On April 4 five portfolios were assigned to different federal ministers previously held by the prime minister, Aleem Khan was given the additional portfolio of communications, Chaudhry Salik Hussain was allocated Religious Affairs and Interfaith Harmony, Rana Tanveer Hussain allocated Food Security & Research, Ahsan Iqbal was allocated inter-provincial coordination and Musadik Malik was allocated water resources.

MNA Ali Pervaiz was appointed as a Minister of State with the allocated portfolios of Finance & Revenue, with an additional portfolio of the Power Division on 17 May.
Foreign Minister Ishaq Dar was appointed Deputy Prime Minister of Pakistan through a notification from the Cabinet Division, this after the post had remained vacant for the past eleven years. Arifa Noor speculated in Dawn this was the result of Nawaz Sharif planning to reassert himself due to Ishaq Dar's "proximity" with Nawaz.

=== Other federal posts ===
Rana Sanaullah was appointed adviser to the prime minister on 30 April, approved by President Asif Ali Zardari. Speaking on a Geo News programme he confirmed that he had a meeting with the Prime Minister to include him the federal government. This was seen as a shift in party dynamics and the increasing influence of the Nawaz Sharif factions influence in the coalition government and coinciding with the appoint of another "trusted ally" of Nawaz Sharif, Ishaq Dar as Deputy Prime Minister of Pakistan. On 22 May Rana Sanaullah was given the Inter-provincial coordination portfolio.

On 28 March both Malik Mukhtar Ahmad Bharath and Rana Mashhood Ahmad Khan received appointments from circulars issued by the Cabinet Division. Mukhtar Ahmad appointed Coordinator to the Prime Minister on National Health Services, Regulations and Coordination and Rana Mashhood as Coordinator to the Prime Minister on Prime Minister's Youth Programme, both in an "honorary" capacity. The next day on the 29th, Rana Mashhood was appointed Chairman of the Youth Programme, also in an honorary capacity.

Later on 3 April Shehbaz Sharif appointed further coordinators Romina Khurshid Alam (Climate Change and Environmental coordination), Shabbir Ahmed Usmani (Kashmir Affairs and Gilgit-Baltistan) and Rana Ihsaan Afzal Khan on 'general issues'. The government claimed that the coordinators would not be part of the Federal Cabinet and work on an honorary basis.

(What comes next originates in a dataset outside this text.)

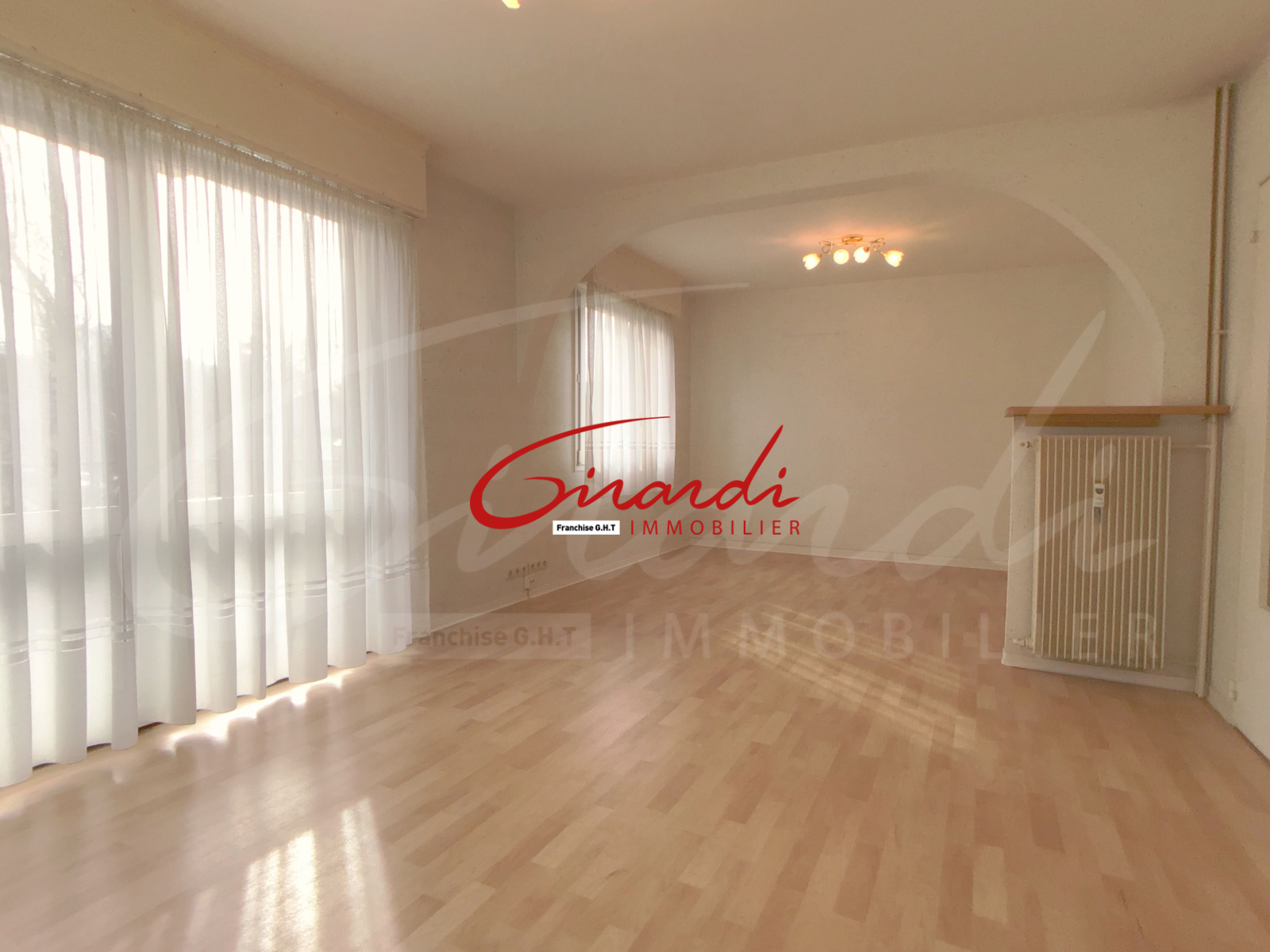 Image_2, Appartement, Mulhouse, ref :1750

== Constitutional institutions ==

=== Council of Common Interests ===

On 25 March 2024 Shehbaz Sharif reconstituted the eight-member Council of Common Interests (CCI) as chairman after a notification was issued. The Prime Minister inducted Khawaja Asif (Defense), Amir Muqam (SAFRON), and Ishaq Dar (Foreign Affairs) into the Council. The composition of the CCI marked the first time a foreign minister had been designated a member, replacing the membership of the finance minister. Abdullah Niazi an editor at Profit claimed that Muhammad Aurangzeb's role in the Cabinet was being undermined by Ishaq Dar, further remarking that the inclusion of Khwaja Asif and Engineer Amir Muqam might indicate Shehbaz Sharif's focus on giving party loyalists greater influence. According to Mushtaq Ghumman, finance ministers were not always included in the CCI however energy and planning ministers were. In the previous Pakistan Democratic Movement (PDM) government under Shehbaz Sharif the finance minister was not included in the CCI. Attaullah Tarar on March 29 would state that “nobody has been replaced or substituted," referencing the constitutional procedure of the CCI.

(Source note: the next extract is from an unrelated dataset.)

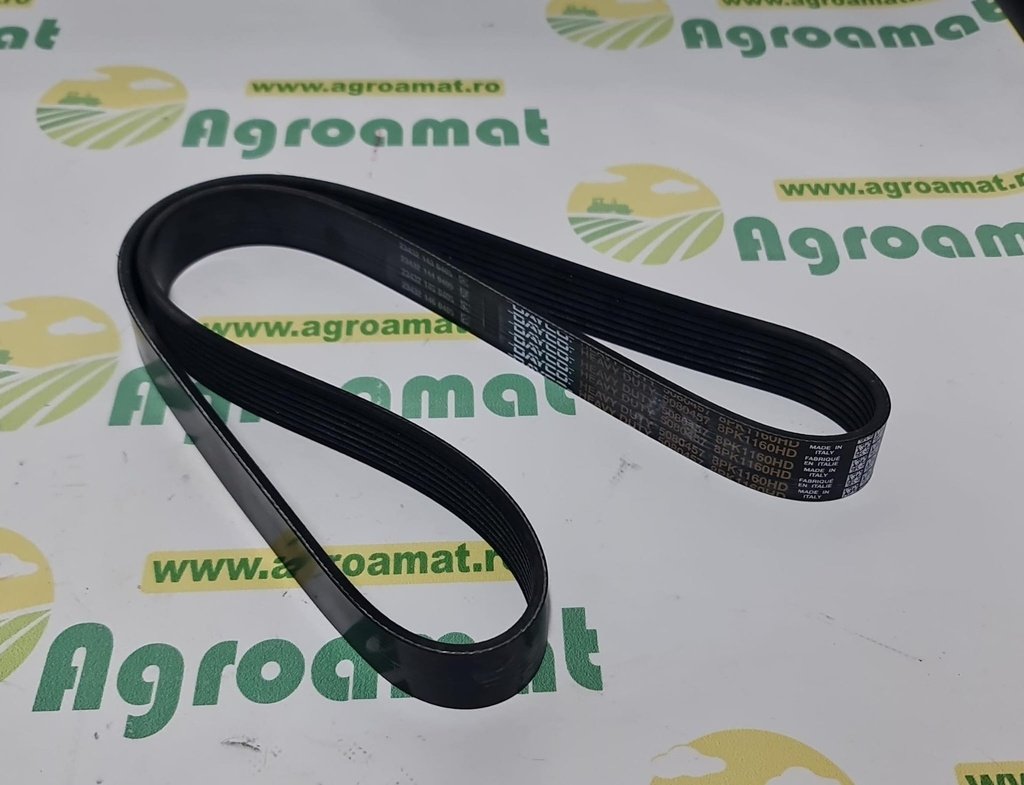 Curea Transmisie R133696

Summaries submitted by different ministries and provincial governments were returned for later resubmission following the re-constitution of the Council. CCI Secretary Omer Rasul stated that the summaries forwarded by ministries, divisions and provincial governments did not conform with the guidelines demarcated in Rules of Procedure of CCI (2010) and were ambiguous whether such cases fell within the purview of the CCI.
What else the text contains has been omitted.